PROVIDED ENTRIES
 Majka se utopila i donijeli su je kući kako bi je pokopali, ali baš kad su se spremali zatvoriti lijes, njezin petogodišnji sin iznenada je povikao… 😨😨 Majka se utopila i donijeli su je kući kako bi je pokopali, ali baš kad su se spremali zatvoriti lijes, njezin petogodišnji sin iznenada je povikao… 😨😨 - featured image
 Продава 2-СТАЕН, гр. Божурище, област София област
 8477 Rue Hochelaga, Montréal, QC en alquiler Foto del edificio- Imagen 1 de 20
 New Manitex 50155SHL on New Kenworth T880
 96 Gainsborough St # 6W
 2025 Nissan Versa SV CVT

---

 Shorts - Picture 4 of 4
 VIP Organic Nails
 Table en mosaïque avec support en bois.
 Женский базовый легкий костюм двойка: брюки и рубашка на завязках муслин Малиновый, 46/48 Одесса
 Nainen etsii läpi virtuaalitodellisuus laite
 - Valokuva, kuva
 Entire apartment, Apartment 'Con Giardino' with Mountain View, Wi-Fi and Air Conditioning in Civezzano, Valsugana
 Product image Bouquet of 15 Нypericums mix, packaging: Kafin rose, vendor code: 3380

HOW TO COMPLETE THIS TASK
Starting with the line that holds "- featured image" and ending with the line that holds "Продава 2-СТАЕН, гр.", retype every line in the data above exactly, and nothing else.

RESPONSE BELOW
 Majka se utopila i donijeli su je kući kako bi je pokopali, ali baš kad su se spremali zatvoriti lijes, njezin petogodišnji sin iznenada je povikao… 😨😨 Majka se utopila i donijeli su je kući kako bi je pokopali, ali baš kad su se spremali zatvoriti lijes, njezin petogodišnji sin iznenada je povikao… 😨😨 - featured image
 Продава 2-СТАЕН, гр. Божурище, област София област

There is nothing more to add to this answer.